[Items from a dataset]
· · · · ·
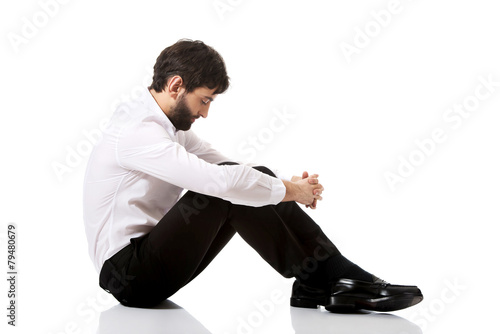 Young businessman sitting on the floor.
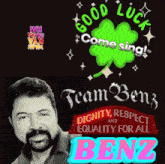 a man with a beard stands in front of a sign that says team benz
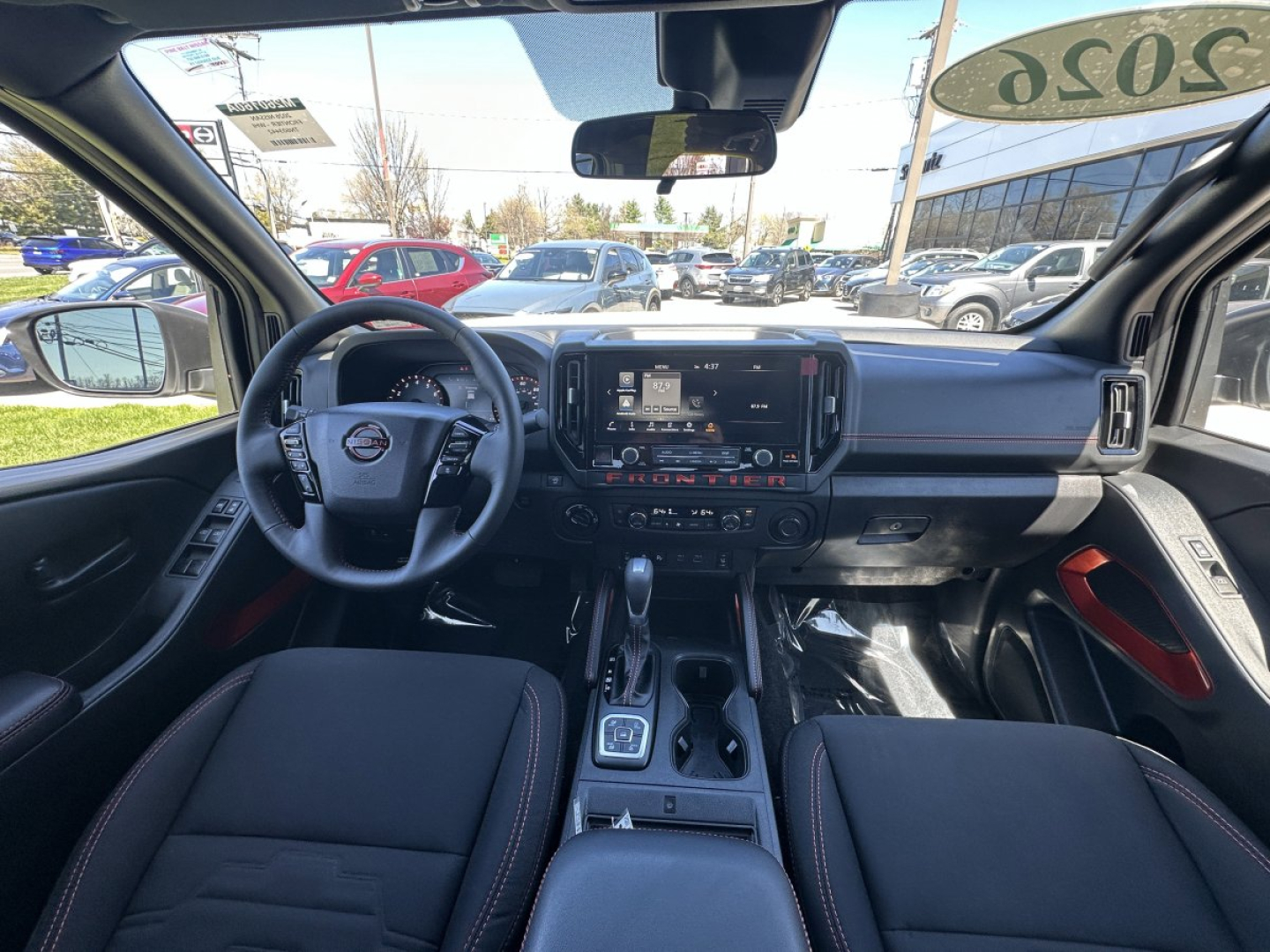Dashboard and front interior of a 2026 Nissan Frontier showing steering wheel, center stack, and gear selector in a pickup truck cabin.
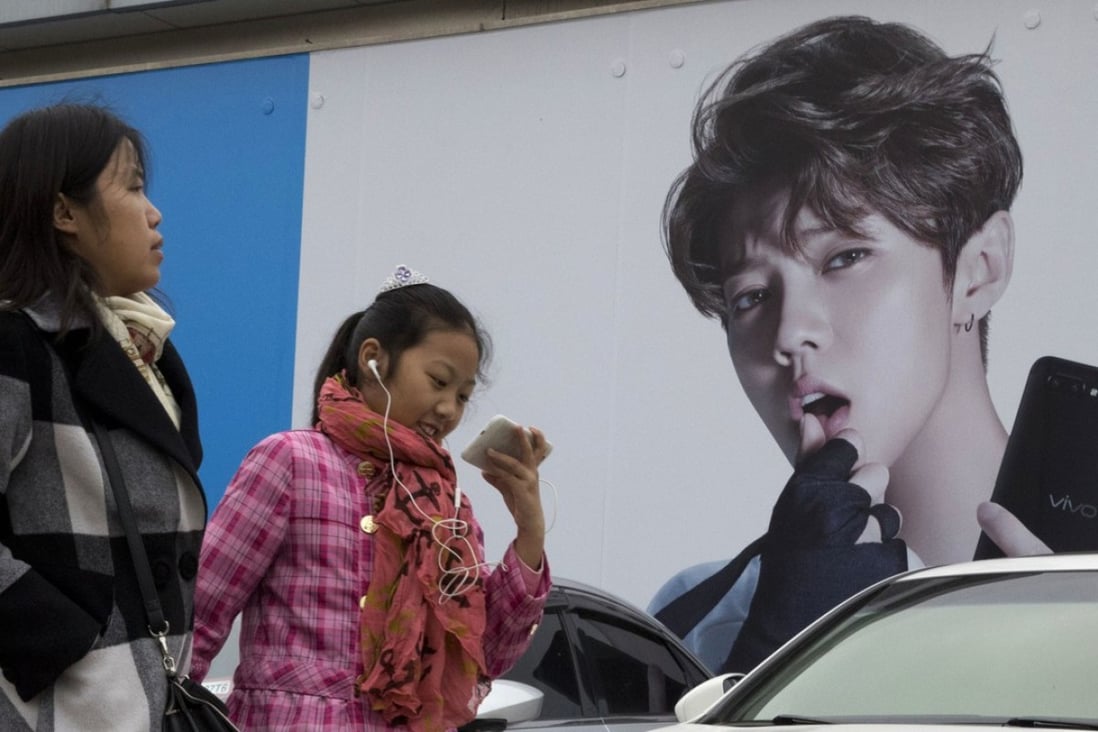 QQ, the grandaddy of China’s social media scene, is reaping the rewards of introducing features that appeal to the country’s Generation Z. Photo: AP.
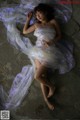 A woman in a white dress laying on the ground.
· · · · ·
» **Exercise instructions**: Exactly as written, restate the lines from the one that contains "Dashboard and front" through the final line of the data, both ends included, but leave out the pictures.

» **Answer**:
Dashboard and front interior of a 2026 Nissan Frontier showing steering wheel, center stack, and gear selector in a pickup truck cabin.
 QQ, the grandaddy of China’s social media scene, is reaping the rewards of introducing features that appeal to the country’s Generation Z. Photo: AP.
 A woman in a white dress laying on the ground.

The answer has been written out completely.